Elisha ben Abraham Cresques, Catalan Atlas (Majorca, 1375). Manuscript map. 25.3 x 118.1 inches. Web (Bibliothèque Nationale de France).
“The Catalan Atlas”
This is a siren depicted in the Catalan Atlas. The Atlas was made by a Jewish mapmaker in Majorca, Elisha Cresques (1325-1387). He achieved this with his knowledge of Catalan, Hebrew, and Arabic, helping visualize his understanding of the universe and inhabited world in 1375. The manuscript map measures ten feet wide and represents the peak of medieval mapmaking in Majorca.
Cresques’ goal was to create a visual encyclopedia of the world with images to encompass all known geographical, historical, and human knowledge. This map covers lands from the Atlantic to China and Scandinavia to Africa. The imagery of his Atlas shows how one 14th-century man understood the political and ethnic realities of his world.
This siren is located in East Asia, which still remained largely unknown to Europeans in the 14th century. Cresques relied heavily on Marco Polo’s 13th-century travel narrative to fill in certain details, such as sirens in the Indian Ocean, as well as pearl fishers in the Persian Gulf, who—according to the Venetian traveler—chant incantations to protect themselves against dangerous fish.
Jordan Perkel
Illustrator: Terry Heckler; 1971 Terry Heckler, The Evolution of Our Logo, Starbucks Archive, 1971-2011.
“Evolution of Our Logo”
The siren on the Starbucks logo first appeared in 1971 and has since undergone a few makeovers before it became the iconic logo people know today. In 1971 Starbucks had a brown logo with the words Starbucks, Coffee, Tea, Spices, encircling an almost lifelike siren. In 1982 it made the switch to green and a cartoon siren that looks closely like the famous modern siren. In 2011 Starbucks had the siren stand alone, without the title of Starbucks Coffee since the siren had become so famous and recognizable to their brand.

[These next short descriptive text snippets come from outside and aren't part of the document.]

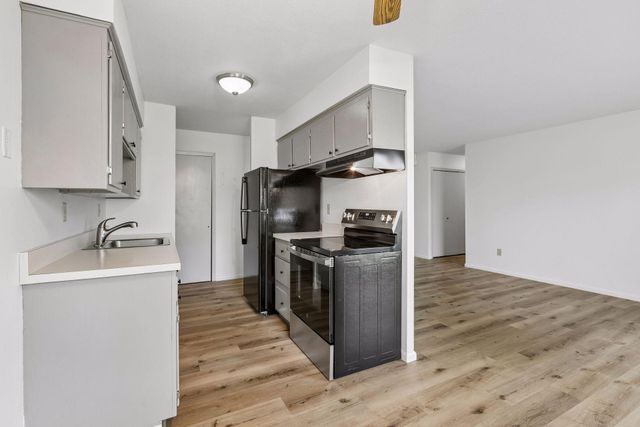 911 7th Street S 3, Hopkins, MN 55343
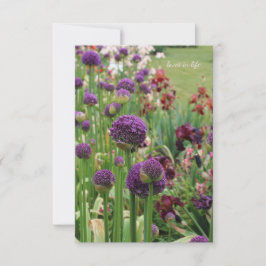 Tarjeta Pequeña Allium & Iris Flower Bed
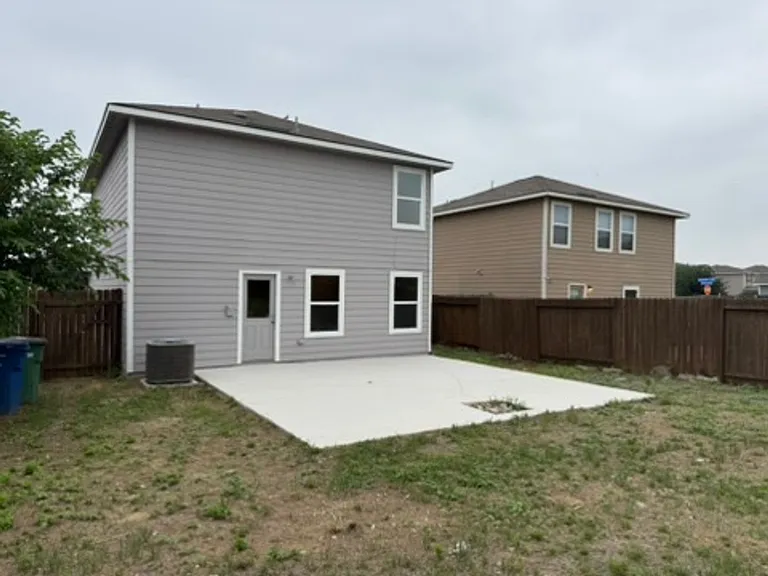 2906 Lavender Mdw — Photo 13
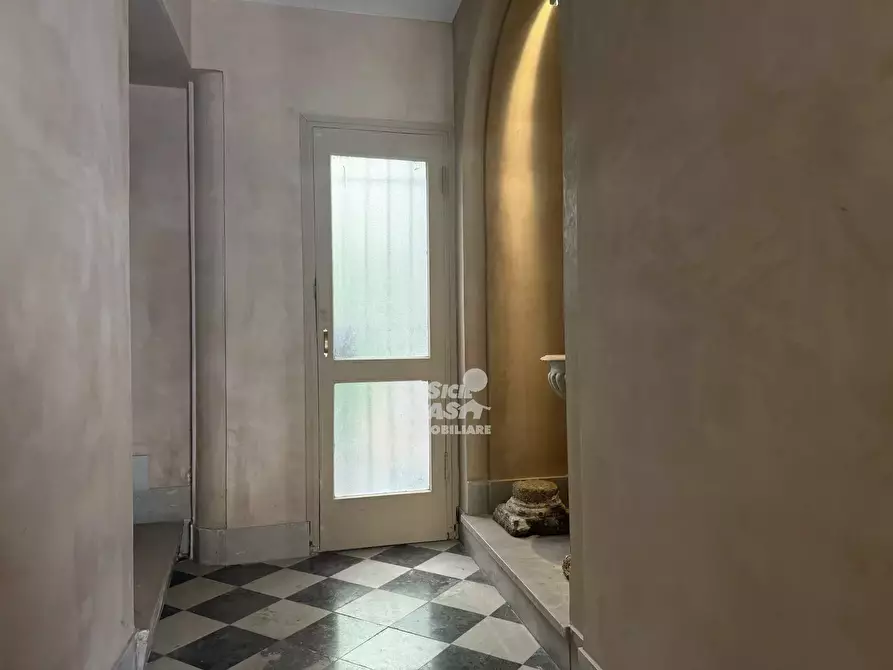 Immagine 29 di Casa trifamiliare in affitto  a Marsala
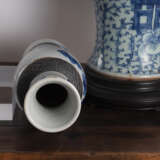 Zwei Vasen mit unterglasurblauem 'Shuangxi'- und Figurendekor - photo 6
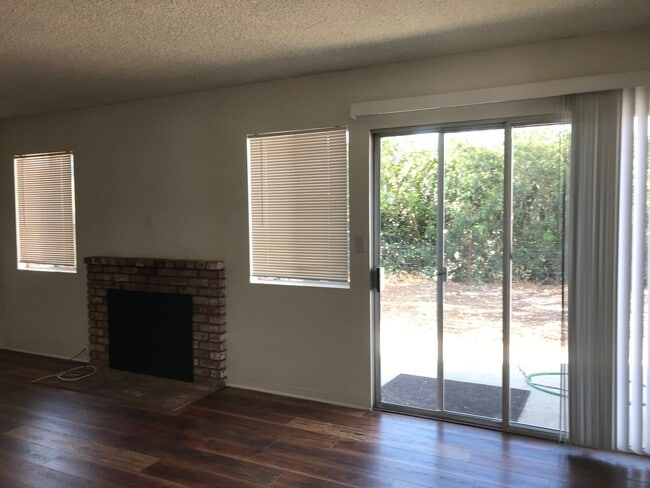 Building Photo - Great Home Near Cal Poly!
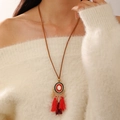 Collar bohemio con borlas de flecos rojos y colgante de anillos de esmalte de colores - Estilo Étnico Combinado Negro y Rojo KC Gold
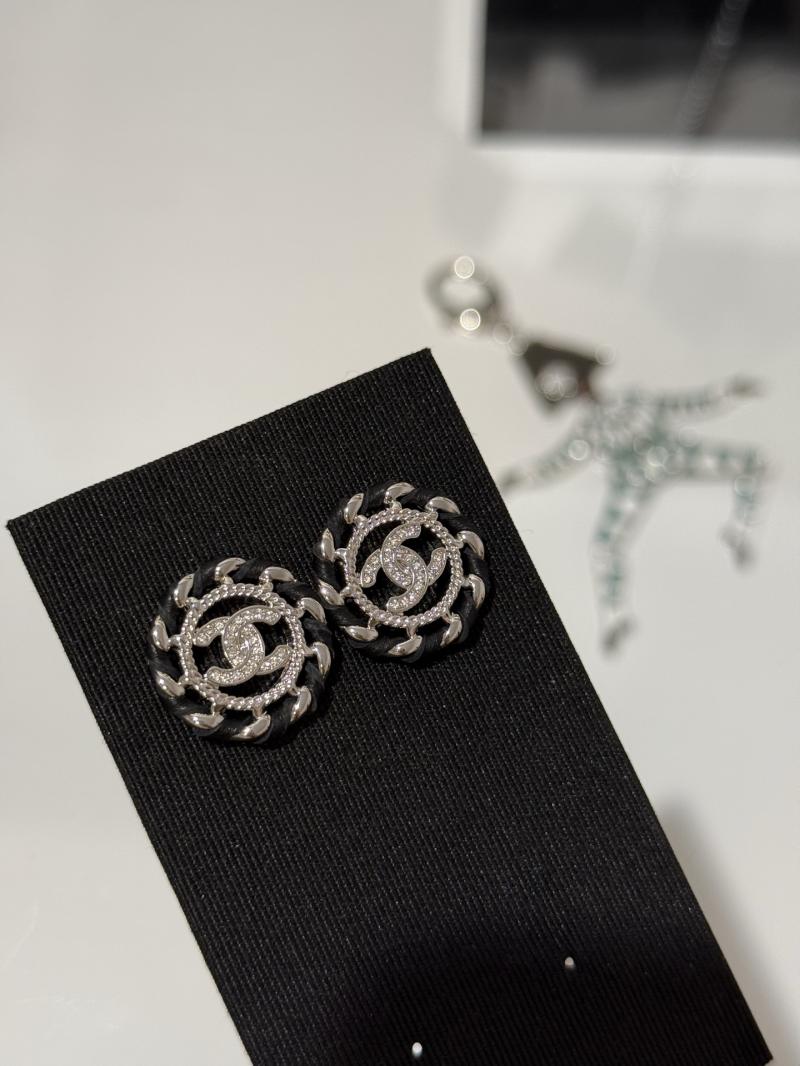 Chanel Earrings Y12917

The coffee company’s siren can be closely linked to the one on Elisha Ben Abraham Cresques’s 1375 Catalan Atlas. The Starbucks siren is described as a seductive, twin-tailed mermaid from Greek mythology, who used her enchanting song to entice passing sailors to their death. But in the case of Starbucks, they want to lure customers to their piping hot products.